**Exercise:** Only the lines from the beginning of the data through the line holding "Homophobic Chants From" belong in the answer, printed exactly and without pictures.

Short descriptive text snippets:
___
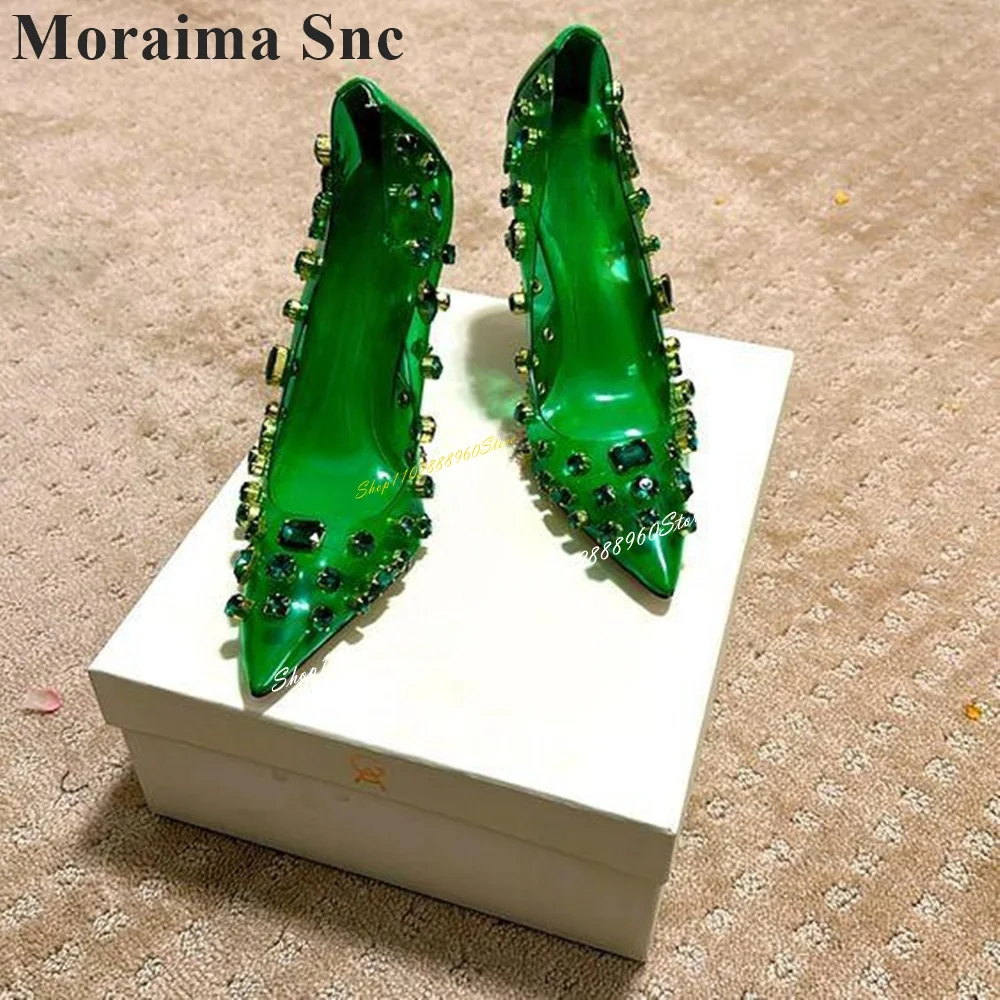 Sparkling Green PVC Crystal Decor Luxury Pumps Thin High Heel Women Shoes Slip On Pointed Toe 2024 Fashion Zapatos Para Mujere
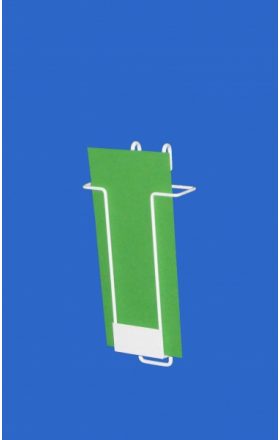 Hanging holder for leaflets, 1/3 A4, with logo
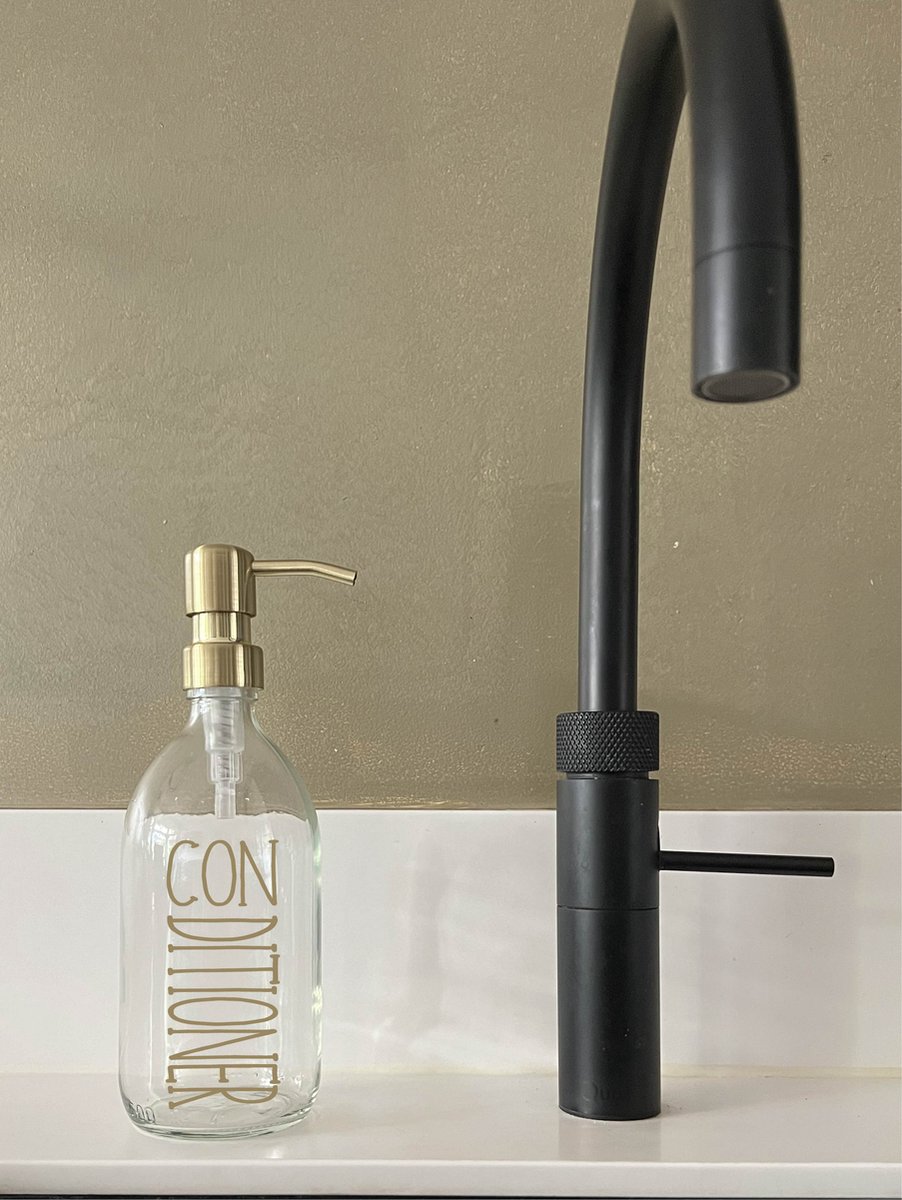 BBBLS Design Dispenser "Conditioner" | Transparant Glas | 500ml | RVS / Metaal Pomp Goud | Zeeppomp | Zeepdispenser | Zeephouder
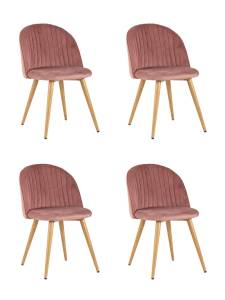 Набор из 4 стульев Stool Group Лион Страйпс DC-69030G HLR-44 X4 розовый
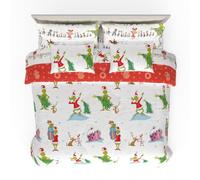 Franco Grinch by Dr. Seuss Holiday & Christmas Bedding Super Soft Comforter and Sheet Set with Sham, 7 Piece King Size (Official Dr. Seuss Product)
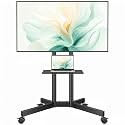 BONTEC Rolling TV Stand with Tilt, Mobile TV Cart for 32–85 Inch TVs, Black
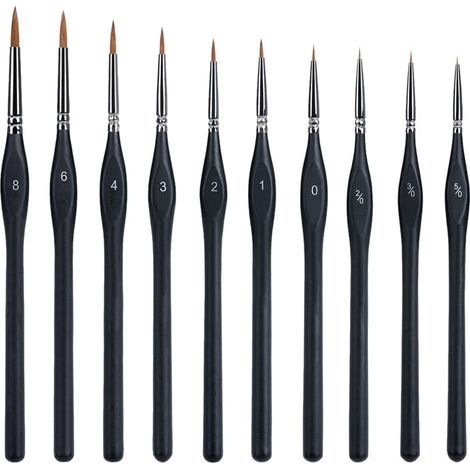 1 lot de 10 pinceaux de peinture, pinceau fin, mini pinceaux, pinceaux fins, petits pinceaux, micro pinceau, pinceau à pointe fine. (1/3)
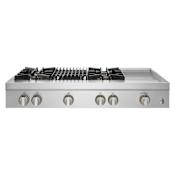 JennAir RISE 48 Inch Wide 4 Burner Gas Rangetop with Grill and Chrome Infused Griddle Stainless Steel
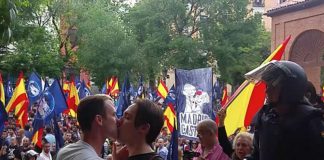 Homophobic Chants From Extremists As Gay Couple Kiss Source: Twitter - @lunanegro76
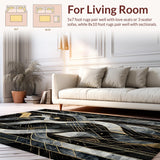 Ultra Soft Area Rug, Non Slip, Stain Resistant, Washable Area Rugs for Living Room, Bedroom, Striking Black and Gold Contrast(Black)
___
**Solution below:**
 Sparkling Green PVC Crystal Decor Luxury Pumps Thin High Heel Women Shoes Slip On Pointed Toe 2024 Fashion Zapatos Para Mujere
 Hanging holder for leaflets, 1/3 A4, with logo
 BBBLS Design Dispenser "Conditioner" | Transparant Glas | 500ml | RVS / Metaal Pomp Goud | Zeeppomp | Zeepdispenser | Zeephouder
 Набор из 4 стульев Stool Group Лион Страйпс DC-69030G HLR-44 X4 розовый
 Franco Grinch by Dr. Seuss Holiday & Christmas Bedding Super Soft Comforter and Sheet Set with Sham, 7 Piece King Size (Official Dr. Seuss Product)
 BONTEC Rolling TV Stand with Tilt, Mobile TV Cart for 32–85 Inch TVs, Black
 1 lot de 10 pinceaux de peinture, pinceau fin, mini pinceaux, pinceaux fins, petits pinceaux, micro pinceau, pinceau à pointe fine. (1/3)
 JennAir RISE 48 Inch Wide 4 Burner Gas Rangetop with Grill and Chrome Infused Griddle Stainless Steel
 Homophobic Chants From Extremists As Gay Couple Kiss Source: Twitter - @lunanegro76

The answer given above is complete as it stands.